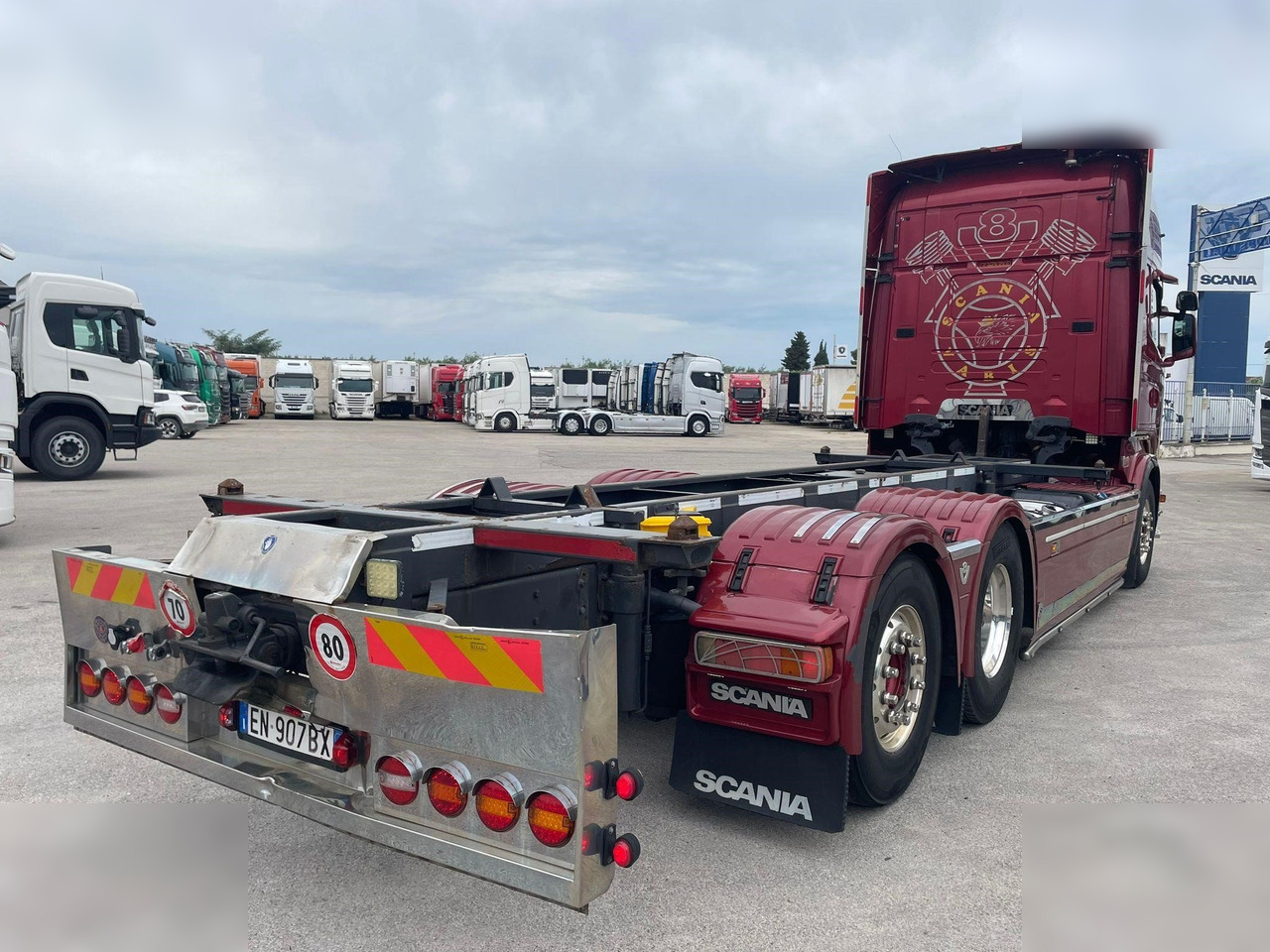 SCANIA R560 - Autocarro portacontainer/ Caisse interchangeable: foto 2 SCANIA R560 - Autocarro portacontainer/ Caisse interchangeable: foto 2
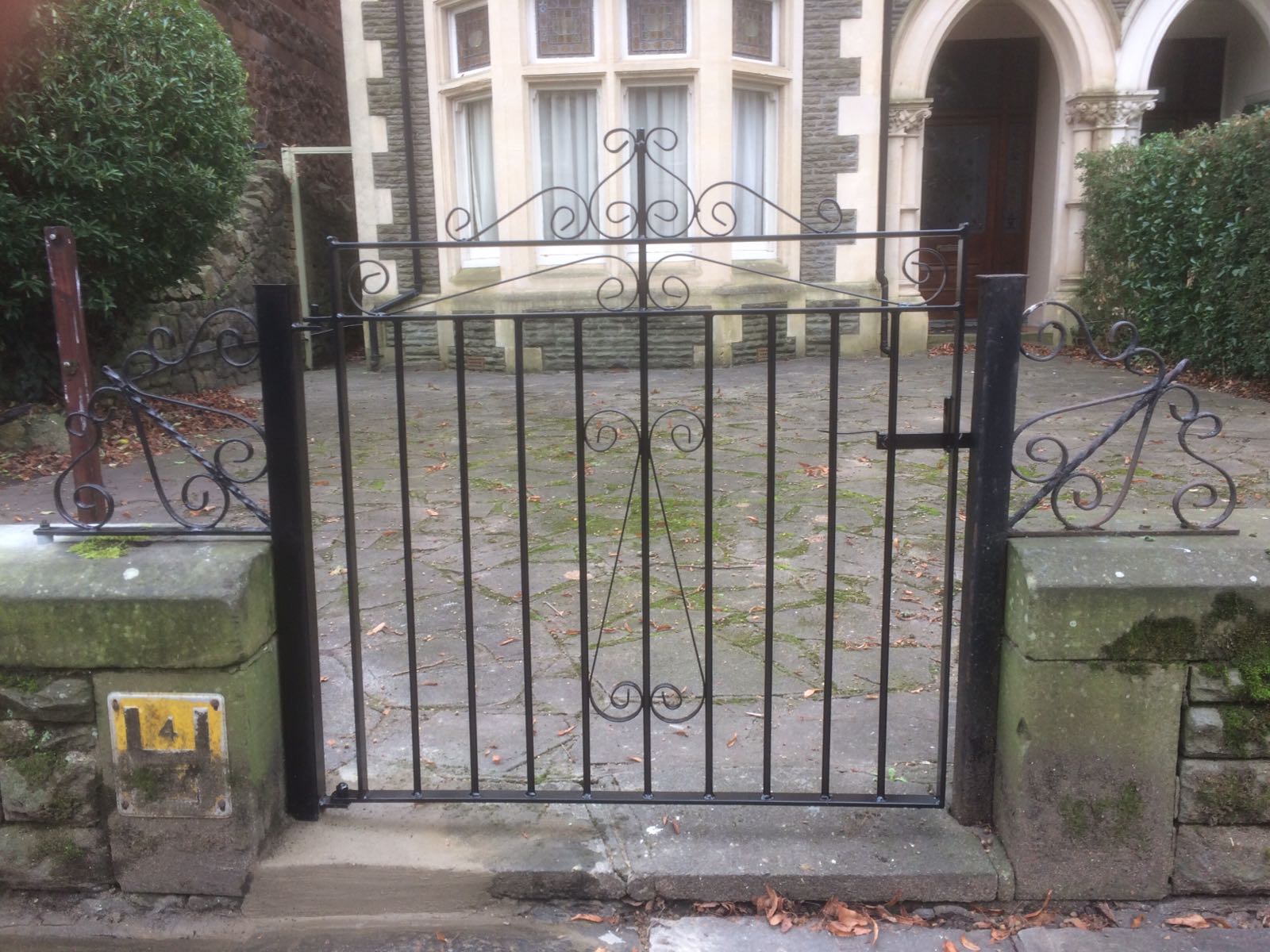 gate style
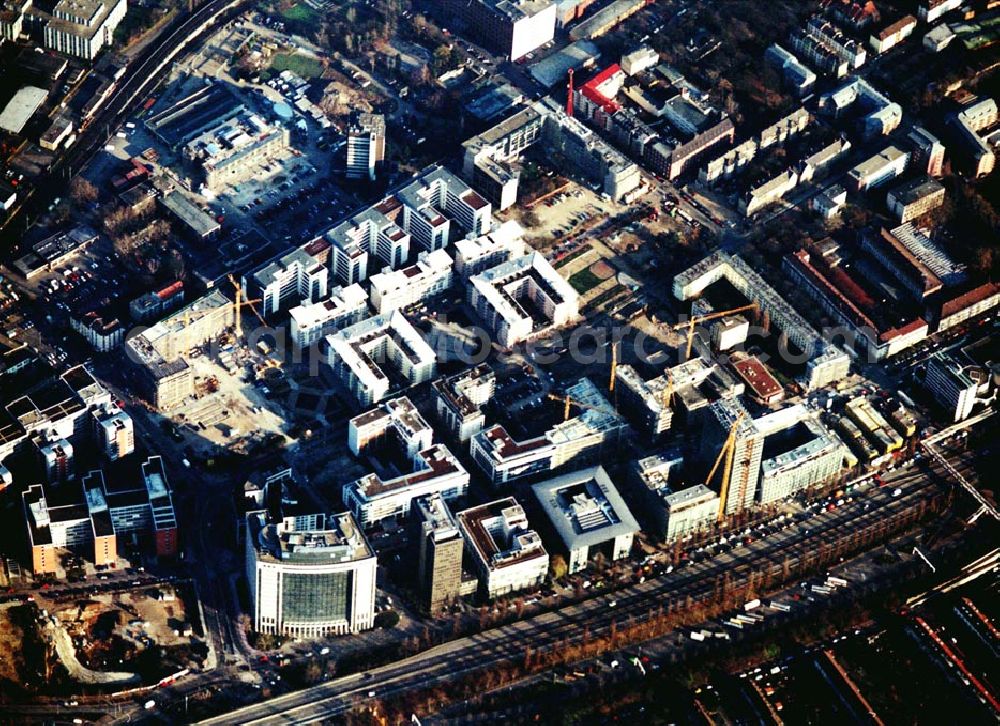 Frankfurt / M. from above - Gewerbe- und Entwicklungsgebiet der HVB-Projekt an der Theodor-Heuss-Allee in Frankfurt/Main. (Hessen)..10.12.02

------------------------------------------------------------

Work instruction:
Please output the material above unchanged, apart from removing the pictures.

Answer area:
 SCANIA R560 - Autocarro portacontainer/ Caisse interchangeable: foto 2 SCANIA R560 - Autocarro portacontainer/ Caisse interchangeable: foto 2
 gate style
 Frankfurt / M. from above - Gewerbe- und Entwicklungsgebiet der HVB-Projekt an der Theodor-Heuss-Allee in Frankfurt/Main. (Hessen)..10.12.02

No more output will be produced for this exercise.